What is needed => An exact transcription of the listing, without its images, is what the answer must contain.
==== Input data
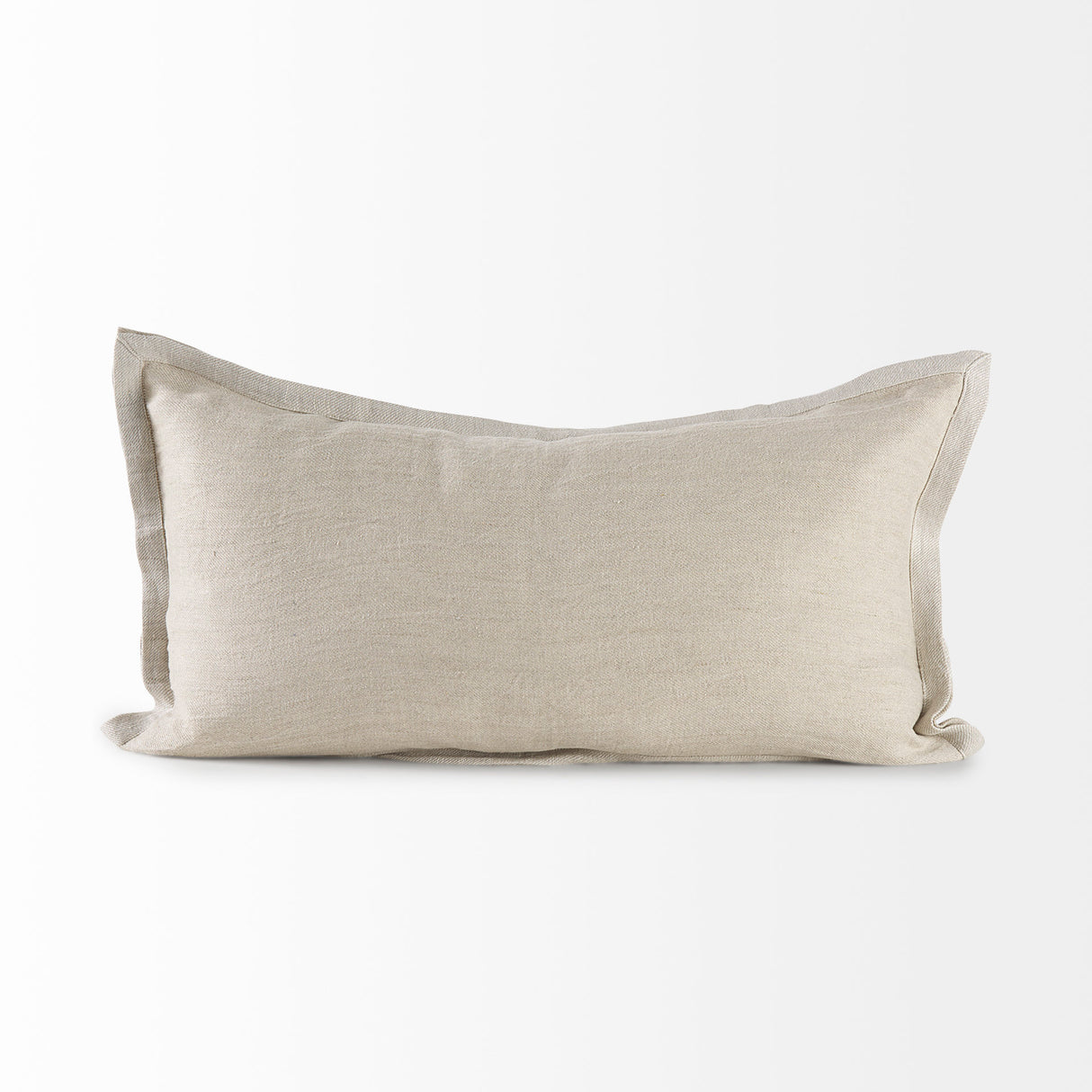 Mae 14L x 26W Beige Fabric Decorative Pillow Cover from Mercana - Luna Furniture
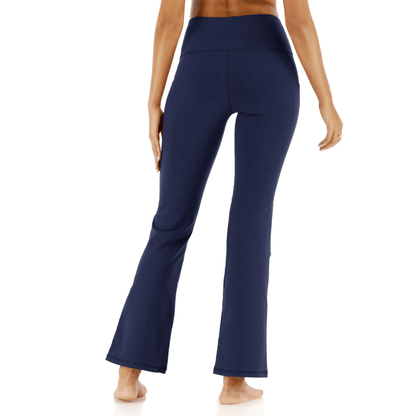 Comfortable Fit Wide Leg High Waist Pants - Luxivelle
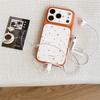 Kawaii Orange Star Phone Case With Star Wrist Strap For iPhone 14 15 16 17 Pro Max INS Cute Shockproof Protective Cover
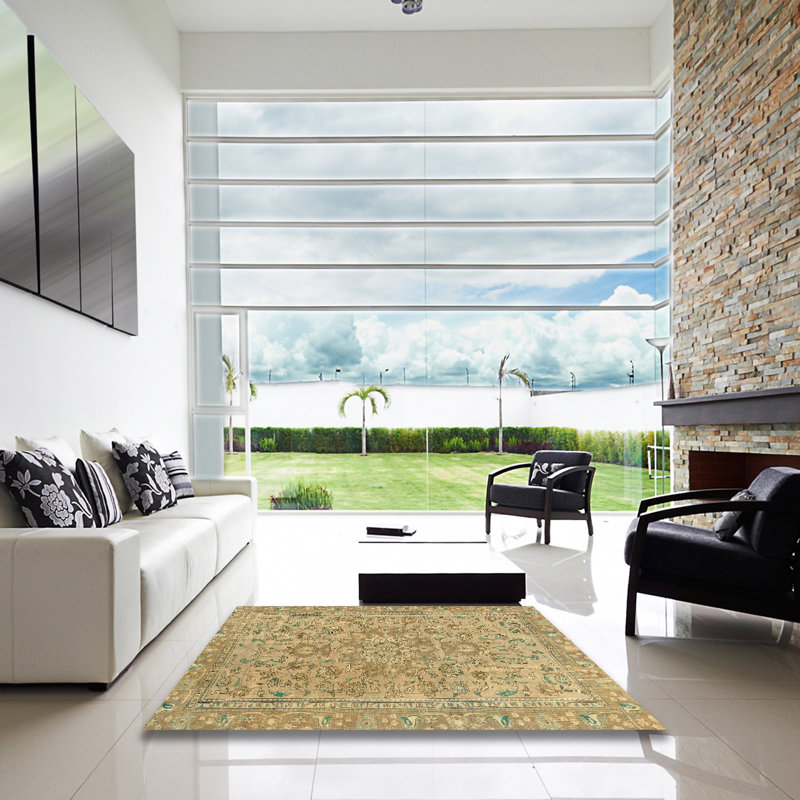 Abstract Indoor Rug, Square 3'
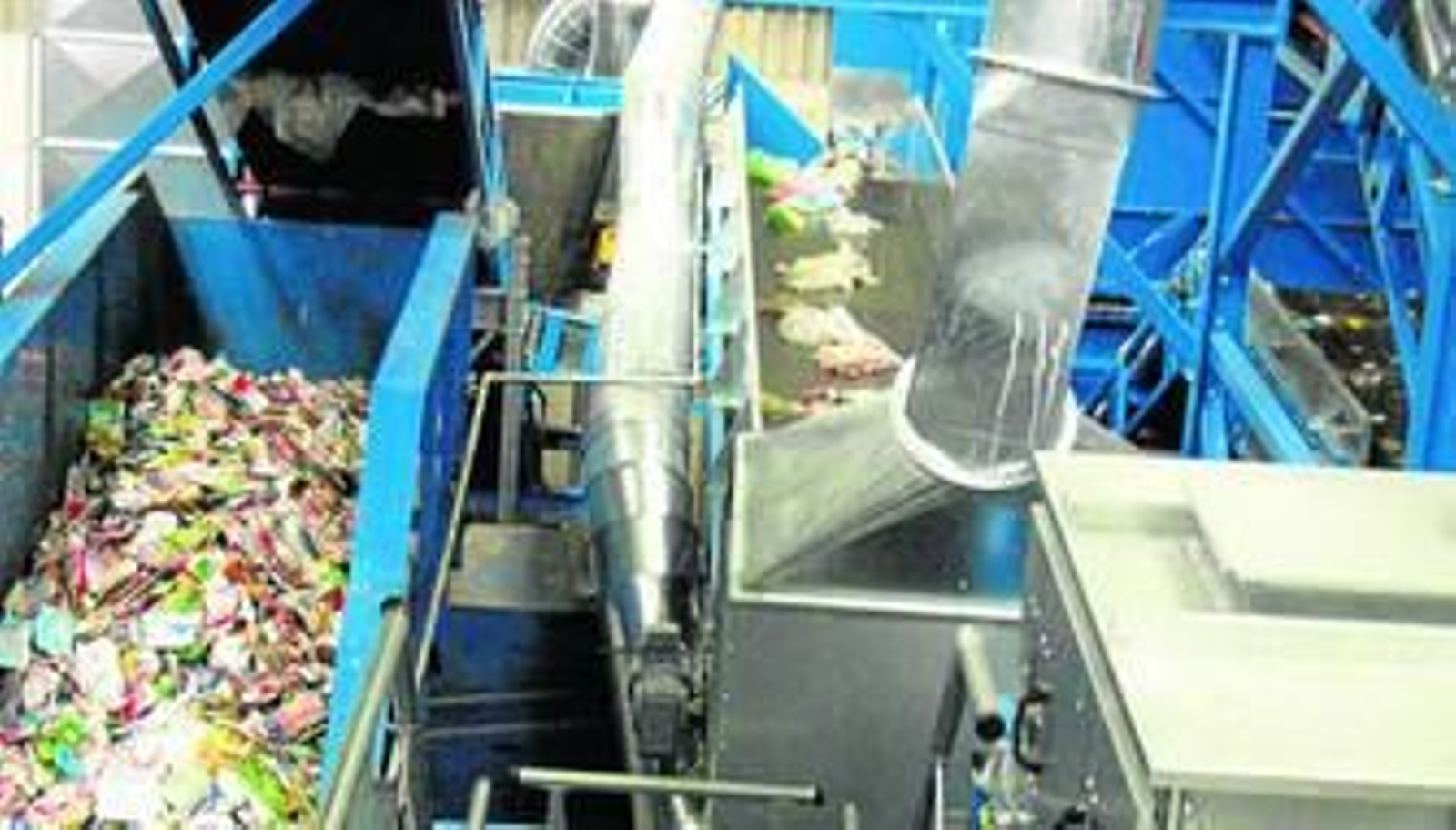 Instalaciones de Epremasa del complejo ambiental de Montalbán, en la Campiña Sur.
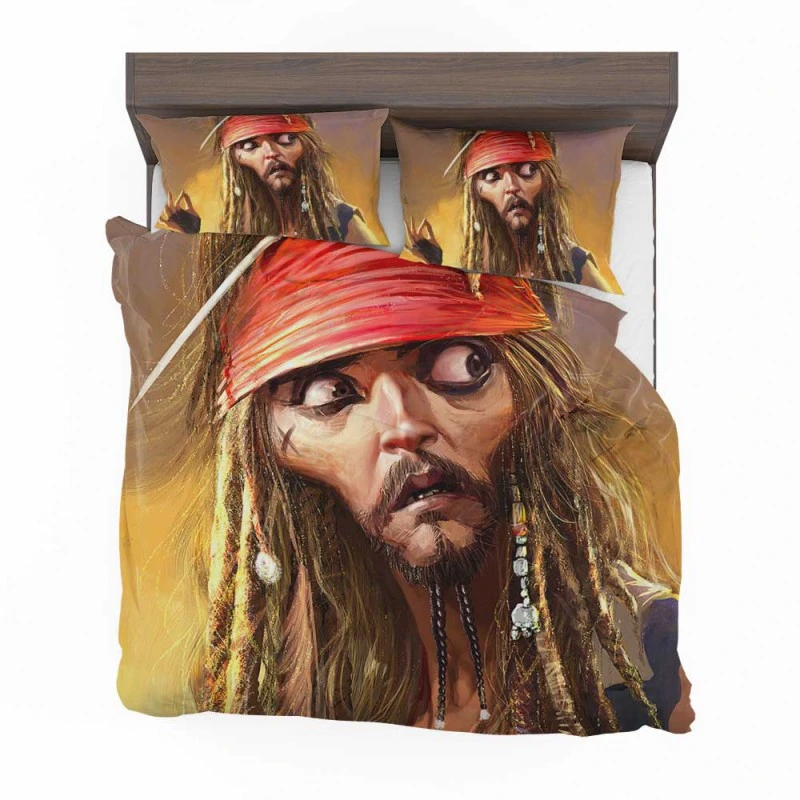 Alternative view of Pirates Of The Caribbean Movie Jack Sparrow Bedding Set - Custom Bedding Set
========
Task response =>
 Mae 14L x 26W Beige Fabric Decorative Pillow Cover from Mercana - Luna Furniture
 Comfortable Fit Wide Leg High Waist Pants - Luxivelle
 Kawaii Orange Star Phone Case With Star Wrist Strap For iPhone 14 15 16 17 Pro Max INS Cute Shockproof Protective Cover
 Abstract Indoor Rug, Square 3'
 Instalaciones de Epremasa del complejo ambiental de Montalbán, en la Campiña Sur.
 Alternative view of Pirates Of The Caribbean Movie Jack Sparrow Bedding Set - Custom Bedding Set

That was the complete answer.